One way I typically decide whether or not to use dependency injection is whether or not I need to mock or stub out the collaborating class when writing a unit test for the class under test. For instance, in your example you (correctly) are injecting the DAO because if you write a unit test for your class, you probably don't want any data to actually be written to the database. Or perhaps a collaborating class writes files to the filesystem or is dependent on an external resource. Or the behavior is unpredictable or difficult to account for in a unit test. In those cases it's best to inject those dependencies.
For collaborating classes like TreeSet, I normally would not inject those because there is usually no need to mock out simple classes like these.
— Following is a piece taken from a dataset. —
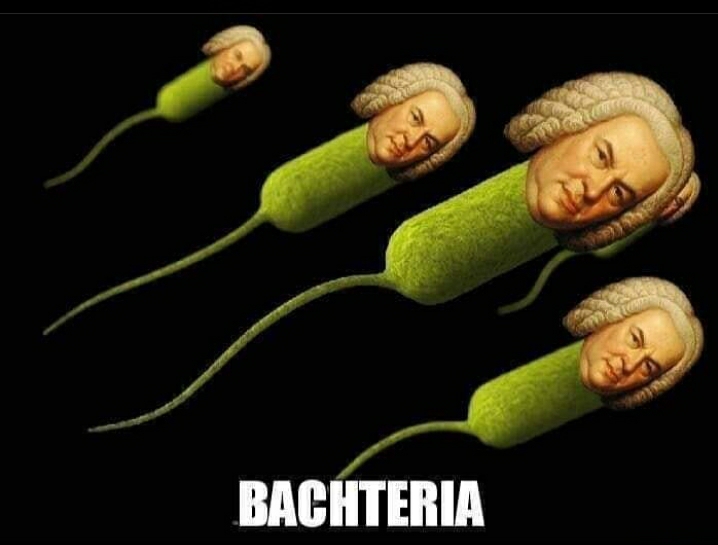 Bachteria: When Classical Music Goes Microscopic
One final note: when a field cannot be injected for whatever reason, but I still would like to mock it out in a test, I have found the Junit-addons PrivateAccessor class helpful to be able to switch the class's private field to a mock object created by EasyMock (or jMock or whatever other mocking framework you prefer).
There is nothing wrong with using new like how it's shown in your code snippet.
Consider the case of wanting to append String snippets. Why would you want to ask the injector for a StringBuilder ?
In another situation that I've faced, I needed to have a thread running in accordance to the lifecycle of my container. In that case, I had to do a new Thread() because my Injector was created after the callback method for container startup was called. And once the injector was ready, I hand injected some managed classes into my Thread subclass.
Yes, of course.
Dependency injection is meant for situations where there could be several possible instantiation targets of which the client may not be aware (or capable of making a choice) of compile time.
However, there are enough situations where you do know exactly what you want to instantiate, so there is no need for DI.
This is just like invoking functions in object-oriented langauges: just because you can use dynamic binding, doesn't mean that you can't use good old static dispatching (e.g., when you split your method into several private operations).
My thinking is that DI is awesome and great to wire layers and also pieces of your code that needs sto be flexible to potential change. Sure we can say everything can potentially need changing, but we all know in practice some stuff just wont be touched.
So when DI is overkill I use 'new' and just let it roll.
Ex: for me wiring a Model to the View to the Controller layer.. it's always done via DI. Any Algorithms my apps uses, DI and also any pluggable reflective code, DI. Database layer.. DI but pretty much any other object being used in my system is handled with a common 'new'.
hope this helps.
It is true that in today, framework-driven environment you instantiate objects less and less. For example, Servlets are instantiated by servlet container, beans in Spring instantiated with Spring etc.
Still, when using persistence layer, you will instantiate your persisted objects before they have been persisted. When using Hibernate, for example you will call new on your persisted object before calling save on your HibernateTemplate.